= Data =
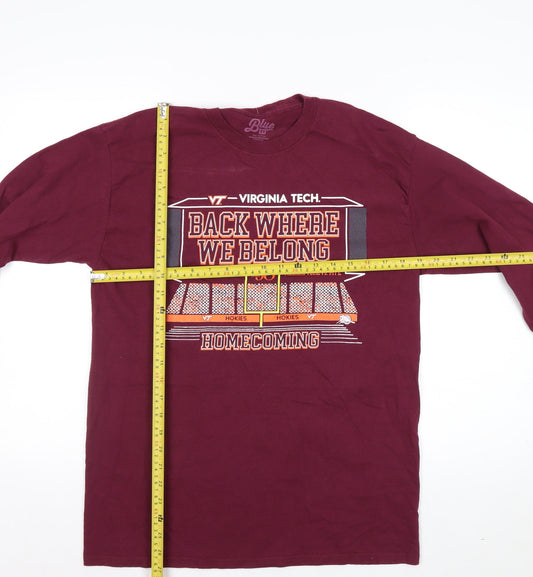 Blue 84 Men’s Red Long Sleeve Virginia Tech Cotton Graphic Top Size M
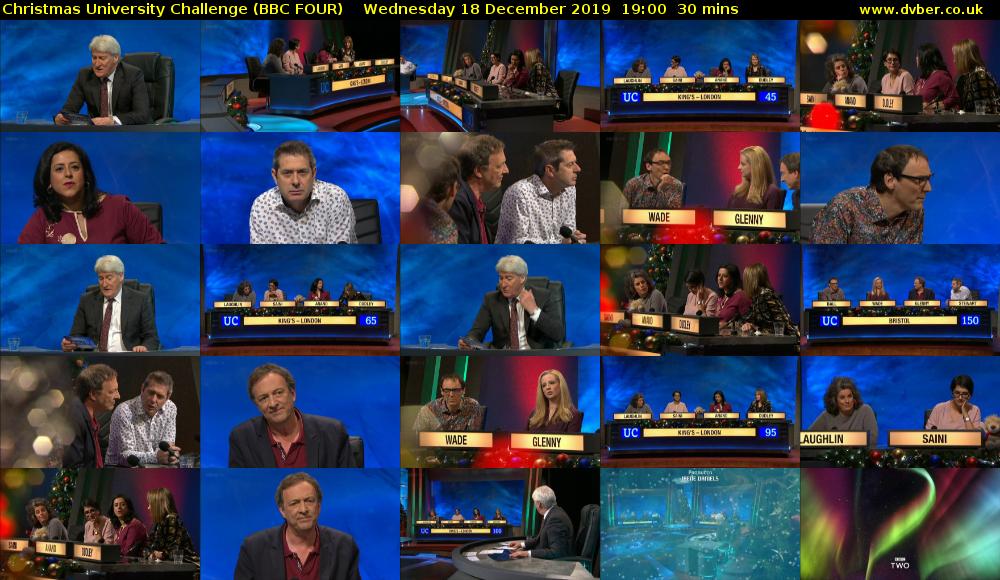 Christmas University Challenge (BBC FOUR) Wednesday 18 December 2019 19:00 - 19:30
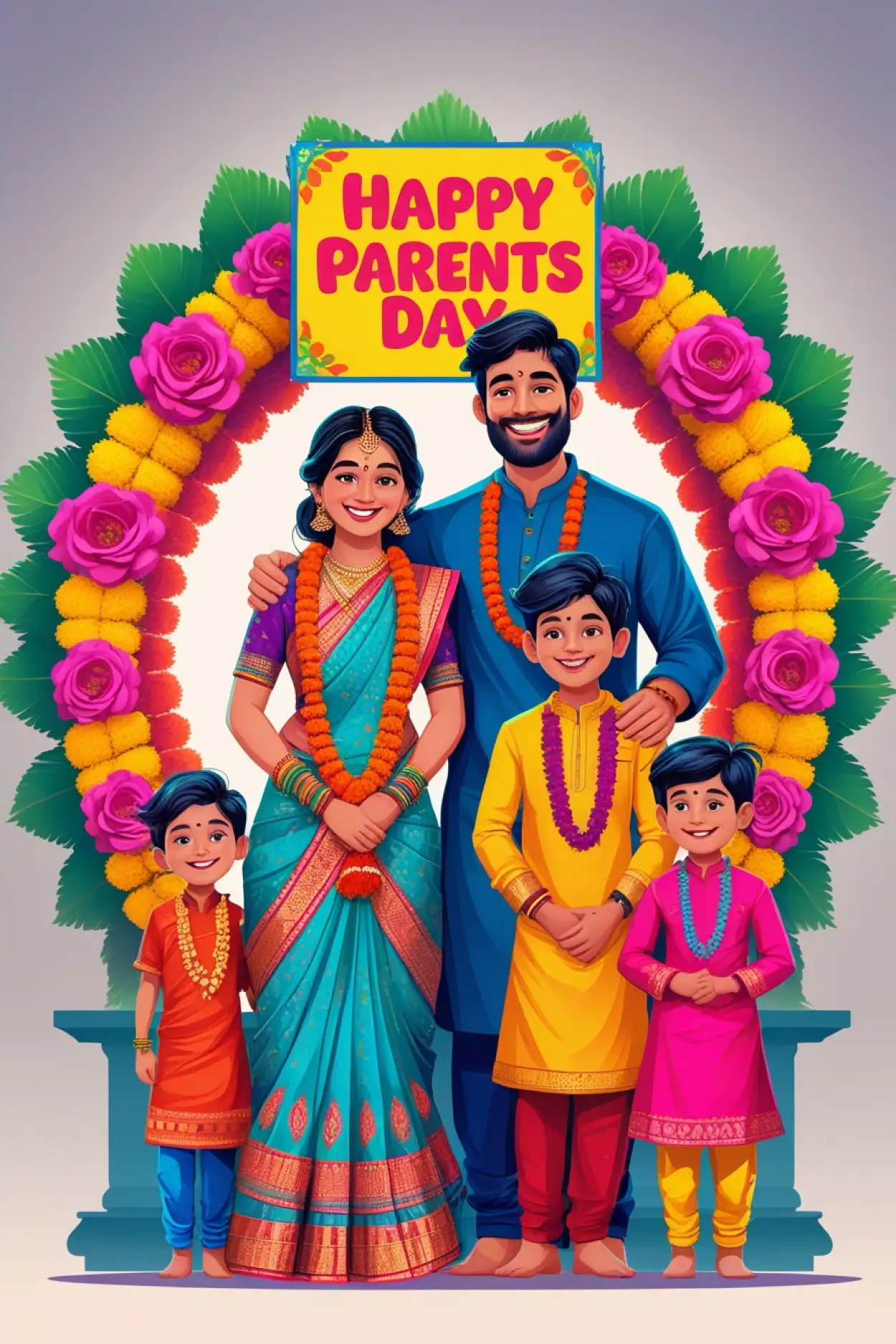 happy parents day family photo idea
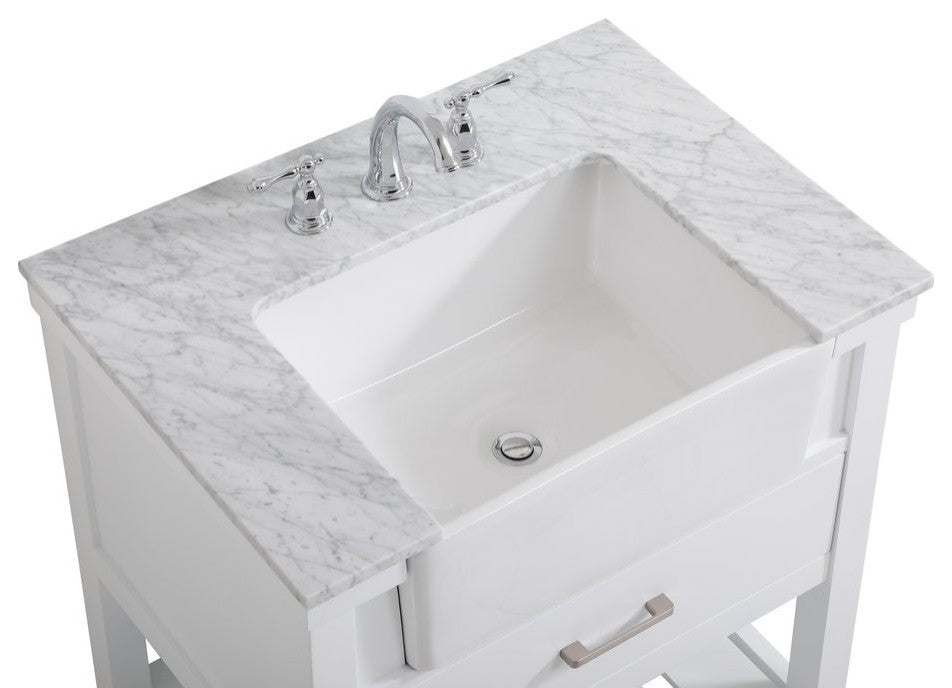Home Living 22" Farmhouse White-Light Bathroom Vanity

= What this task involves =
The full listing, reproduced exactly and without pictures, is the expected output.

= Output for this task =
 Blue 84 Men’s Red Long Sleeve Virginia Tech Cotton Graphic Top Size M
 Christmas University Challenge (BBC FOUR) Wednesday 18 December 2019 19:00 - 19:30
 happy parents day family photo idea
Home Living 22" Farmhouse White-Light Bathroom Vanity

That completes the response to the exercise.